Forrester Research describes Web3D as a system of linked, interactive 3D and 2D environments that include everything from use-specific private applications such as immersive learning simulations to virtual worlds.
"Within five to seven years, Web3D will deliver an interactive, immersive experience much richer than the static, text-oriented or even interactive graphical interfaces of today's web," said Forrester analyst Erica Driver in a report.
Driver believes that resistance to using Web3D technology such as virtual worlds in business mirrors the hesitancy some companies originally felt towards taking website development seriously.
But businesses such as BT and Unilever have already begun exploring virtual world technology, to see if it could be useful in conferencing global teams that work across different time zones and in the rapid prototyping of ideas.

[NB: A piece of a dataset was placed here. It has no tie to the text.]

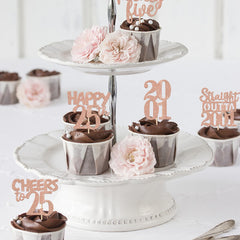 ZHUOWEISM preassembled cupcake toppers save time during party prep.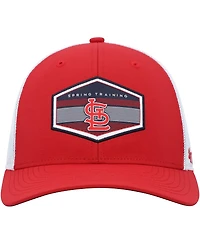Men's '47 Brand Red, White St. Louis Cardinals Spring Training Burgess Trucker Snapback Hat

The chief difference between Web3D applications and traditional 2D websites lies in the former's use as event spaces: areas where customers can gather to perform a group function, such as providing feedback on a virtual hotel to help in the design and construction of a real hotel.
"Companies need to find what parts of their business map well to event- or space-driven applications," saud Dele Atanda, a consultant with Ark Agent.
Publishers have held virtual book launches in Second Life and musicians have held virtual concerts to help sell their CDs, for example. It's about thinking how you can use virtual spaces to help your customers and employees collaborate.
The fact that businesses are expressing an interest in virtual worlds also means that suppliers are getting involved.
Graham Spittle, IBM's director at the Hursley laboratory, said that corporate customers had expressed an interest in virtual world technology for collaboration and teleconferencing. But concerns about security and the flow of information between public and private sections meant some were waiting for the technology to mature.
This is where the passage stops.